Jeżeli planujesz odwiedzić w najbliższej przyszłości Izrael, nie bierz ze sobą nowego iPada – izraelski rząd skonfiskuje go już na lotnisku. Co ciekawe, nie chodzi tu o wady jakie wytykają tabletowi pierwsi użytkownicy. Problemem okazała się implementacja WiFi.
Według izraelskiego Ministerstwa Komunikacji, „technologia bezprzewodowa zawarta w iPadach nie jest kompatybilna z izraelskimi standardami.”
Izraelskie normy dotyczące sieci bezprzewodowych są takie jak w Europie.
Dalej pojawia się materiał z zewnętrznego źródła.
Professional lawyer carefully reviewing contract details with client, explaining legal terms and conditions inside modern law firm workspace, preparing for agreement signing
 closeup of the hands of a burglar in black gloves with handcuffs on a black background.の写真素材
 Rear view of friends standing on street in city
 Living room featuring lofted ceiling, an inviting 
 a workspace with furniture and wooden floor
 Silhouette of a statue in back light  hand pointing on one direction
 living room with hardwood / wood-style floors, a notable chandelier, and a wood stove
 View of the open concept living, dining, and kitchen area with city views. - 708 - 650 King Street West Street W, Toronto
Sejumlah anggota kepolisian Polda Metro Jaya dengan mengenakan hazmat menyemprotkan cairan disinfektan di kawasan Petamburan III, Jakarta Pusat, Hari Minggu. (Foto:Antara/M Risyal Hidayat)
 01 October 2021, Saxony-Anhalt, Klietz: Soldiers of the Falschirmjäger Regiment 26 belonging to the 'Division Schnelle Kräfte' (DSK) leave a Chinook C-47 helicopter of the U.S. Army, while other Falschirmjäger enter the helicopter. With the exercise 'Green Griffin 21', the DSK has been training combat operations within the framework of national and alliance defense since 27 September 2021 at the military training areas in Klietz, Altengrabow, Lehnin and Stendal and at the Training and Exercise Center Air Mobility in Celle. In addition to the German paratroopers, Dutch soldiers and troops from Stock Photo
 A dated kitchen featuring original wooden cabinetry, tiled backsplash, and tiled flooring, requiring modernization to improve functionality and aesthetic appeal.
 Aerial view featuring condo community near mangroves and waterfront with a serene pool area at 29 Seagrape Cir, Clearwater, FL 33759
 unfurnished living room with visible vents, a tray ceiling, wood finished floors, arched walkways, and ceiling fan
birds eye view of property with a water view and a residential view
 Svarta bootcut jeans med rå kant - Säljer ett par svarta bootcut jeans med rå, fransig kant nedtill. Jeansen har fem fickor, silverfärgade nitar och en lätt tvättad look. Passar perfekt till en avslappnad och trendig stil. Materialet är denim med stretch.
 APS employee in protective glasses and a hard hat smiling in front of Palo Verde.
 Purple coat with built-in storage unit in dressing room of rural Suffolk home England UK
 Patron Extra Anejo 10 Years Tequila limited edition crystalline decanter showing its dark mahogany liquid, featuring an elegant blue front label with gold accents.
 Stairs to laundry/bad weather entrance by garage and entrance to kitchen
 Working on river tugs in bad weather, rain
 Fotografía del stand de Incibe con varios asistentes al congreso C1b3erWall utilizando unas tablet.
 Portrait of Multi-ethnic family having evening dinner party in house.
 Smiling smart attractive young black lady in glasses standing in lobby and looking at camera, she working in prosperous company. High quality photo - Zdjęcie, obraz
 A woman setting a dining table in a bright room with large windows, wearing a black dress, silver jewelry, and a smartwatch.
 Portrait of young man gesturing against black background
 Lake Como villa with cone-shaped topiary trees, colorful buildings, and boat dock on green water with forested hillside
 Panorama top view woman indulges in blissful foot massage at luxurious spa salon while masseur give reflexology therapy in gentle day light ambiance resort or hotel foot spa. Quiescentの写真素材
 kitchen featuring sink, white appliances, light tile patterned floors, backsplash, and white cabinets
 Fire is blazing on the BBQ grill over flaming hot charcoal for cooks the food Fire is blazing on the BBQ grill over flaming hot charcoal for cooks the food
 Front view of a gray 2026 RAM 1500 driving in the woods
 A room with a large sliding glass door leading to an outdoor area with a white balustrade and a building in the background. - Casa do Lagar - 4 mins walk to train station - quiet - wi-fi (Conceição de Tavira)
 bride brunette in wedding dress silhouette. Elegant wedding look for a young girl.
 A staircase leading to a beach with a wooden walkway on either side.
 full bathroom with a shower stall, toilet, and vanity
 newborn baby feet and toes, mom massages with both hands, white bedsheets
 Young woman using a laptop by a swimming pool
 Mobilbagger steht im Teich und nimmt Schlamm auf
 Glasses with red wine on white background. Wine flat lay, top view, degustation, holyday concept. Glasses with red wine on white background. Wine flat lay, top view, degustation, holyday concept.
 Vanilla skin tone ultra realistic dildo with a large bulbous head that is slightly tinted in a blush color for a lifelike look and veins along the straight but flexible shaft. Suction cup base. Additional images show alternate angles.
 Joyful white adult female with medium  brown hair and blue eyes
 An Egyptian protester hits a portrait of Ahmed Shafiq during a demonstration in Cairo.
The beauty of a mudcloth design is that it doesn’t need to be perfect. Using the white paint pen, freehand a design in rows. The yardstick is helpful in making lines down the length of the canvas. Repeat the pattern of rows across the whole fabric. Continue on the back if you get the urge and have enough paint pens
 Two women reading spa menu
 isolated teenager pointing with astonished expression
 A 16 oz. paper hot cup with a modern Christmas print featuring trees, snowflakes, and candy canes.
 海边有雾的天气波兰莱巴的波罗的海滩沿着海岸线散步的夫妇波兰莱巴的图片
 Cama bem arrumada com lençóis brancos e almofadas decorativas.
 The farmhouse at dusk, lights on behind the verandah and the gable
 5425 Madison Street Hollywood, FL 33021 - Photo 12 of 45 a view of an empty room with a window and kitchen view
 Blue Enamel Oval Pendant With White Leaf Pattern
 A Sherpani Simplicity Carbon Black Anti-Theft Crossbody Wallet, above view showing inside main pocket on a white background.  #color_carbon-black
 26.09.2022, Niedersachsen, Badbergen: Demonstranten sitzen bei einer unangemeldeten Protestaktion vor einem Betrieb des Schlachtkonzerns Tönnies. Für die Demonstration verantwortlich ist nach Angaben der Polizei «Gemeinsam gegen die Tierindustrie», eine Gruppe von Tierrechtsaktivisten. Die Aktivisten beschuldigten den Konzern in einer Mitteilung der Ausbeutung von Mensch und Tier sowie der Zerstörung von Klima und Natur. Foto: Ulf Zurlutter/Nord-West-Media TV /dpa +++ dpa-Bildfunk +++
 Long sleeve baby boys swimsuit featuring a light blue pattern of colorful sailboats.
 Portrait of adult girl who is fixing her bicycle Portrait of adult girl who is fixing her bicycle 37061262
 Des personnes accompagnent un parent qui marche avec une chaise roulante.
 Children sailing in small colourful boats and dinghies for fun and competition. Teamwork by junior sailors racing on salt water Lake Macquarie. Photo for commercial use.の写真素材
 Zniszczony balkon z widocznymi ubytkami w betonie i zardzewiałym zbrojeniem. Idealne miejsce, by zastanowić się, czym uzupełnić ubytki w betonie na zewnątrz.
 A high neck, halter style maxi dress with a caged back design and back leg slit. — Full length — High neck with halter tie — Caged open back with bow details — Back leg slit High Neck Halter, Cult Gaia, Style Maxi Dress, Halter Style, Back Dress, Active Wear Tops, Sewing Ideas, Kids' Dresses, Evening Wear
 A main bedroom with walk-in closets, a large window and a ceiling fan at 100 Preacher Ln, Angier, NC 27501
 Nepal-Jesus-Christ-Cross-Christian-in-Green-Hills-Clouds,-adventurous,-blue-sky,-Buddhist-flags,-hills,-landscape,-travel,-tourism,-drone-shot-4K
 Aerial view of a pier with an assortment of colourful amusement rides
Chodzi tu oczywiście o dozwoloną moc wysyłania sygnału, która jest wielokrotnie wyższa w Stanach Zjednoczonych. Jak widać w Izraelu przywiązują wielką wagę do kompatybilności z wszelakimi standardami. W Europie jest to jednak trochę mniej restrykcyjnie przestrzegane. Widać to chociażby po tym, że sam premier Norwegii korzysta z iPada w swoim kraju, mimo iż amerykański model jest tam teoretycznie niedozwolony. Ministerstwo Komunikacji poprosiło iDigital, izraelskiego dystrybutora produktów Apple o określenie, czy i kiedy będzie możliwe dostosowanie iPadów do regulacji telekomunikacyjnych Izraela.